My Milk-Bone Trail Mix has sweet potato in it, one of the ingredients the FDA told us to avoid, and the texture in the trail mix reminds me of jerky. I never realized this before. This packaging tells me nothing about where the trail mix was made or where the ingredients came from.


Is there an easy way to find out if it’s safe? The label gives you an 800-number to call during weekdays. Simplest solution: Don’t buy it.

Ask Your Veterinarian

Here’s the most recent FDA statement issued this week:

“FDA continues to caution pet owners that jerky pet treats are not required for a balanced diet. The agency encourages pet owners to consult with their veterinarian prior to feeding treats and if they notice symptoms in their pets.”

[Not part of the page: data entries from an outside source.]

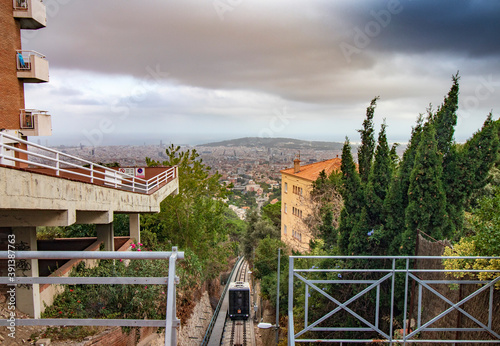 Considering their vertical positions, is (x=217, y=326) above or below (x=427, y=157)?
below

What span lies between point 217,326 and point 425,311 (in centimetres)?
1589

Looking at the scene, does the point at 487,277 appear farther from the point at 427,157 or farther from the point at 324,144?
the point at 324,144

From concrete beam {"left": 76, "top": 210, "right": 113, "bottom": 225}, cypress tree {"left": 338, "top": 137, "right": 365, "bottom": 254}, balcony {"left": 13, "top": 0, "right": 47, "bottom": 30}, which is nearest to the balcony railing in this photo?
balcony {"left": 13, "top": 0, "right": 47, "bottom": 30}

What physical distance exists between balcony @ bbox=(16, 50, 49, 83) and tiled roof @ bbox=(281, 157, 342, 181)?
72.3 feet

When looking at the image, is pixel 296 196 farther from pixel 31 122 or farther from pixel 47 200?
pixel 47 200

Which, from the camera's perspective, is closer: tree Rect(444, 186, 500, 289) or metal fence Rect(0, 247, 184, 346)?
metal fence Rect(0, 247, 184, 346)

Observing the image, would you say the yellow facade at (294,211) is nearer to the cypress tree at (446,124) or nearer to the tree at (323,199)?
the tree at (323,199)

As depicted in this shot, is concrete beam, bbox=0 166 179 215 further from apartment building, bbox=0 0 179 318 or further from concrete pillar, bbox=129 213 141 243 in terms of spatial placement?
concrete pillar, bbox=129 213 141 243

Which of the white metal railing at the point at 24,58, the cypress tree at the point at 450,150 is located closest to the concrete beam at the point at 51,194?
the white metal railing at the point at 24,58

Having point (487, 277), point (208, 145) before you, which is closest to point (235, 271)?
point (208, 145)

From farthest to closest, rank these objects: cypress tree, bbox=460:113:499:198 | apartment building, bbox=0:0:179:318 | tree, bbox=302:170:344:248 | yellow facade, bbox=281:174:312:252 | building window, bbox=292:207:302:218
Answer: building window, bbox=292:207:302:218, yellow facade, bbox=281:174:312:252, tree, bbox=302:170:344:248, cypress tree, bbox=460:113:499:198, apartment building, bbox=0:0:179:318

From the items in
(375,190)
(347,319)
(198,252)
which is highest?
(375,190)

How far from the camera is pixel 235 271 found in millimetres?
42469

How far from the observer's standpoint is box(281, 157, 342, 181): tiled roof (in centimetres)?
3084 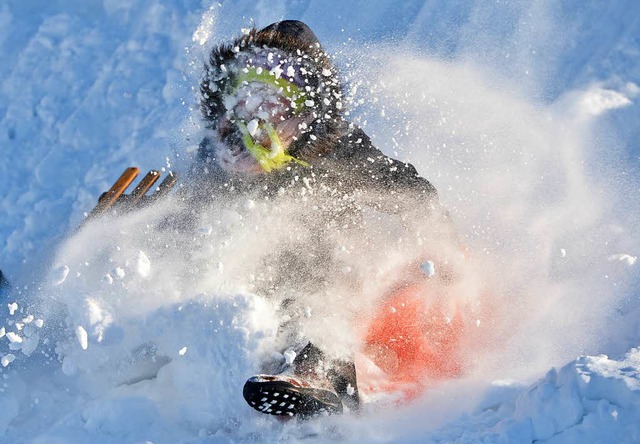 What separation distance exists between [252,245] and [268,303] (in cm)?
31

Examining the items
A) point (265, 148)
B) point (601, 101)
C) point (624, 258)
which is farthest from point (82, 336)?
point (601, 101)

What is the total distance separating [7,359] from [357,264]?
169 centimetres

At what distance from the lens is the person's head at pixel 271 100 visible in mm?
2674

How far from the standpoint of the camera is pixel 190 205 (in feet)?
10.3

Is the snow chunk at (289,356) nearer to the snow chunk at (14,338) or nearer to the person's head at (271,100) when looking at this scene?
the person's head at (271,100)

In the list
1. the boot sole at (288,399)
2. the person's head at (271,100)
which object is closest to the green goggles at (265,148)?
the person's head at (271,100)

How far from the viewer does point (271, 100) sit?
8.75 ft

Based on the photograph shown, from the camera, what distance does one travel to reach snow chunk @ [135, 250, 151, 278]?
114 inches

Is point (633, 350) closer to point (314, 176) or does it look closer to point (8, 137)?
point (314, 176)

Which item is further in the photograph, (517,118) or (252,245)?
(517,118)

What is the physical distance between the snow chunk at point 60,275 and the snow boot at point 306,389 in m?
1.13

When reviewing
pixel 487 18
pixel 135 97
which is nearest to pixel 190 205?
pixel 135 97

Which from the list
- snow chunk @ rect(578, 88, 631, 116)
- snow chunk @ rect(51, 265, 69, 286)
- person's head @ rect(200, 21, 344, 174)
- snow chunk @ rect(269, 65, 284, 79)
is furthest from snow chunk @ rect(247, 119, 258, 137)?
snow chunk @ rect(578, 88, 631, 116)

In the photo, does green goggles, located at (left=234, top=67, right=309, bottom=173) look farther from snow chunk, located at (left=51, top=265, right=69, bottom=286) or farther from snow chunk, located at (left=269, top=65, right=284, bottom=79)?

So it’s up to me, your local small-town veterinarian, to tell you which treats are safe?

“Wait one moment, ma’am, while I take your treat to my $50 million food testing lab right back by my staff bathroom and run that jerky treat through my Jerky Safety Check-O-Mometer. I’ll be back with the results faster than you can say, ‘Chinese chicken and sweet potato pie’!”

Pardon my sarcasm, but if the Animal and Veterinary Section of the U.S. Food and Drug Administration has been unable to solve this problem in 6 years, how in the world am I supposed to advise you on the safety of a pet treat?!

Trick, But No Treat

There are many legitimate reasons to find a pet food that is nutritious and safe. There are no reasons to ply your beloved dogs and cats with fattening treats.

I know many of you fear commercial pet foods for very good reasons. Bear in mind that the testing on food is much more rigorous than the regulations on treats, but I sympathize that there are still big worries about all pet foods. Your pet needs a well-balanced and safe diet, so you need to find a product you trust — but your pet doesn’t need commercial treats.

Based on what the FDA has put forth, please read their literature but realize they have been extremely slow to solve this problem and slow to issue recalls.

And please keep in mind that pets are still getting sick — so all the unsafe products are not off the shelves. Nobody can honestly say which products have the potential to make your pets sick, sometimes fatally so.